Bipolaridad
¿Quién se ha subido a mi hamaca?
La tierra no es más que un momento, una noche que recordar, entre el cielo y el mar puedes volar, eterna oscilación de lo que fue y lo que vendrá. Rafael Alberti
Ser inestable emocionalmente es una desgracia. Así, por lo menos, lo plantea la sociedad en la que vivimos y así lo difunden las ciencias de la salud mental. Si uno es bipolar, está prisionero de un hábito de inconstancia, irregularidad y desorden, va y viene de la depresión a la manía, y es un tormento para sus seres queridos. Lo mejor que puede hacer es quedarse quieto, no moverse mucho y resignarse a una vida controlada y sin mucha esperanza de cambio. ¡Pero el mundo está en constante cambio! No importa, usted se queda inmóvil. Pero, ¿por qué? Simplemente, porque usted es bipolar y no sabe respetar reglas, no sabe tener límites, no sabe jugar como corresponde, siempre termina perdiendo el control y subiendo y bajando sin medida. ¿Pero, es realmente así?
Y ya que estamos imaginando al bipolar como “un mal jugador”, puede ser interesante apuntar la idea de que la bipolaridad desproporcionada es el resultado de juegos mal aprendidos. ¿Puede ser? ¿Cuáles juegos? Cuando éramos bebés teníamos una comunicación singular con mamá, una comunicación que nos sostenía y serenaba. La mirábamos y encontrábamos sus ojos que nos sonreían y nos acariciaban, tendíamos nuestros pequeños brazos y mamá nos levantaba y abrazaba, dilatábamos y entreabríamos nuestra boca para encontrar un pecho que nos alimentara y nos nutriera con calor. Cuando todo eso ocurría, nos sentíamos seguros y amados y nuestra estima y nuestra confianza se afirmaban.

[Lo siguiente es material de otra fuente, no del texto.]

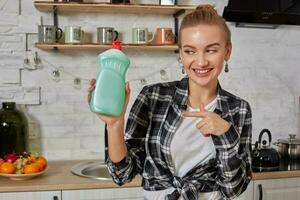 Housekeeper woman holding bottle with cleaner liquid. Bottle copy space photo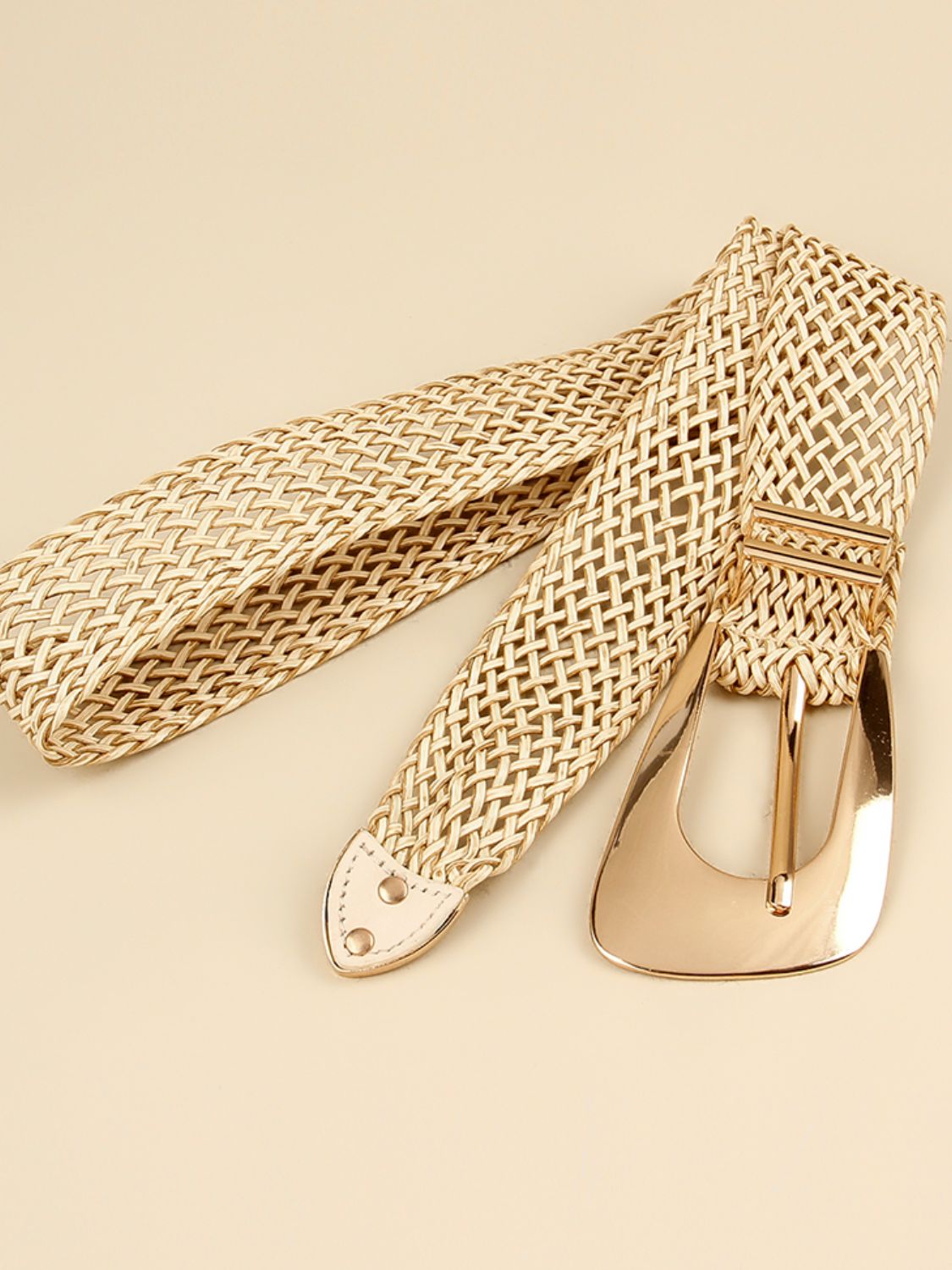Woven gold braided belt set with irregular buckle and two strap ends, close-up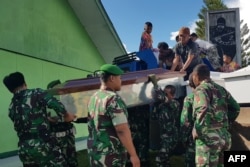 Para pekerja menyiapkan peti jenazah untuk para pekerja konstruksi yang diduga ditembak mati, di Wamena, Jakarta, (Foto: AFP)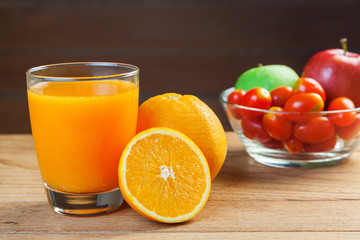 Healthy concept with mixed fruits and vegetables on wooden background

Pero, si ante nuestra mirada percibíamos frialdad como respuesta, si ante los labios palpitantes se estrellaba un pezón ausente o distante, si ante las manos que buscaban abrazos recibíamos rechazo, la situación era muy otra. Aunque la rabia nos embargara e hiciéramos berrinches como un modo de expresarla, el corolario era que nos sentíamos no queridos, rechazados como una pelota rebotada. Entonces, nuestra estima, nuestra confianza y nuestra seguridad se marchitaban. Y, claro, después de tantas experiencias reiteradas el yo herido en su afirmación se volvió un incrédulo de sí mismo y de sus fuerzas Éstos son los primeros juegos fracasados, los primeros desafíos malogrados, pero que necesitan de otros fracasos sucesivos para hacernos bipolares desgraciados.
Cuando estaba en el vientre de mamá acontecían muchas cosas. Entre ellas, al caminar o moverse, mamá me mecía. También, yo subía y bajaba y giraba sobre mí mismo. Recuerdo que, además, tuve que girar para nacer y eso me dio un poco de trabajo.
Cuando nací, los brazos de mamá o de papá o de los abuelos me acunaban y, más tarde, me hacían avioncito y caballito… y todo eso era como recordar las mismas cosas que hacía antes de asomarme al mundo. Ya más grande, la hamaca, la calesita y el sube y baja, en la plaza o el parque, remplazaron el cuerpo y las manos de mis padres y abuelos.
Todos estos juegos me enseñaron muchas cosas: sensaciones de riesgo y placer, acercarme y alejarme, subir y bajar, desprenderme y asirme, girar sin marearme; pero, lo fundamental es que aprendí a sostenerme por mí mismo. Primero, fueron los cuerpos de mis padres, luego la hamaca, la calesita y el sube y baja, ahora soy yo quien se sostiene por sus propios medios. Pero, ¿si no jugué? ¿Si no aprendí a ser el timonel de mi hamaca, de mi calesita y de mi sube y baja? ¿Si no aprendí a hamacarme y volar por mí mismo? ¿Y si no sé sostenerme por mis propios medios? ¿Si no aprendí a girar sobre un eje, a cambiar las perspectivas de lo que veo, manteniendo un centro? Desde luego, el resultado es que voy y vengo, subo y bajo y giro sin control. Es como si alguien se hubiera subido a mi hamaca y me hamacara a su antojo, y por más que grito y pido para que pare y me deje ser el dueño de la hamaca, sigue subiendo y bajando… subiendo y bajando… y parece que no puedo hacer nada para impedirlo. Pero, ¿quién se ha subido a la hamaca?
Ésta es una pregunta que intento responder en lo que escribo y en lo que exploro (en mí o con otros), a la par que divulgar mi convicción de que si jugando nos hicimos bipolares desdichados, jugando podemos dejar de serlo y transformarnos en bipolares venturosos.